The answer is $\boxed5$. Proof: Since the sines of all the angles are equal, this means all the angles must be either $x^\circ$ or $(180-x)^\circ$, for some constant $x$. First, we show that $n=3$ or $n=4$ is not possible. If $n=3$, then the angles all must be $x^\circ,x^\circ,x^\circ$. This gives $$x+x+x=180\implies x=60$$This shows the triangle is equilateral, so its impossible for it to have different side lengths. If $n=4$, then the angles all must be either $x^\circ,x^\circ,x^\circ,x^\circ$ or $x^\circ,x^\circ,(180-x)^\circ,x^\circ$. This shows that the quadrilaterl is either a parallelogram or an isosceles trapezoid, so its also impossible for it to have different side lengths.
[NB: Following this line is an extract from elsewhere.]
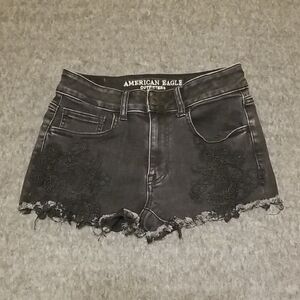 American Eagle Black Embroidered Distressed Denim Hi Rise Shortie Jean Shorts 2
Next, we show that $5$ is possible. Consider the pentagon with side lengths $1,2,4,3,6$ respectively, with angles $120^\circ,120^\circ,120^\circ,120^\circ,60^\circ$. [asy][asy]size(200);pair A=(0,0),B=A+dir(120),C=B+2*dir(60),D=C+4*dir(0),E=D+3*dir(-60); draw(A--B--C--D--E--A); label("$1$",(A+B)/2,dir(210));label("$2$",(B+C)/2,dir(150));label("$4$",(C+D)/2,dir(90));label("$3$",(D+E)/2,dir(30));label("$6$",(E+A)/2,dir(-90));[/asy][/asy]
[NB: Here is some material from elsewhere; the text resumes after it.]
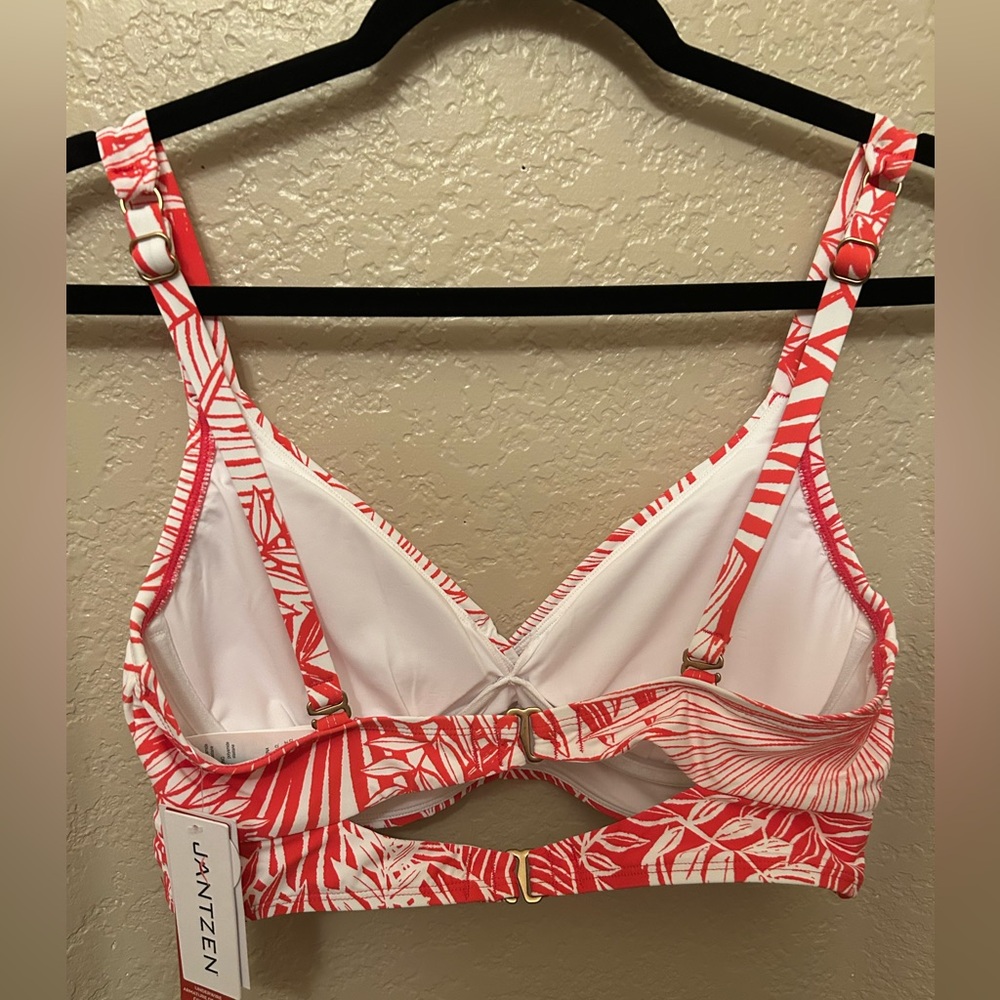 Jantzen Red & White Print Bikini Top NWT Size 10 - Picture 4 of 7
Take points $A,B,C,D$ as such: Points $A$ and $B$ are such that $AB=6$. Now points $C$ and $D$ are such that $\angle CAB=120$, $AC=1$ and $\angle DBA=60$, $DB=3$. Now construct point $F$ on $DB$ such that $FC\parallel AB$. Now $ABFC$ is a parallelogram and so $FB=CA=1$ and $CF=AB=6$. Construct point E such that $CFDE$ is an isosceles trapezoid, so $CE=2$. We just have to prove that $ED=4$ to have completed the proof. Take points $X$ and $Y$ to be the feet of the perpendiculars from points $E$ and $D$ to $CF$ respectively. Now in $\triangle CEX: \angle CEX=30, \angle ECX=60$ , so $XC=\frac{1}{2}CE=1$. Symmetrically $YF=1$. Now $XYDE$ is a rectangle and so $ED=XY=CF-XC-YF=6-1-1=4$ and we are done.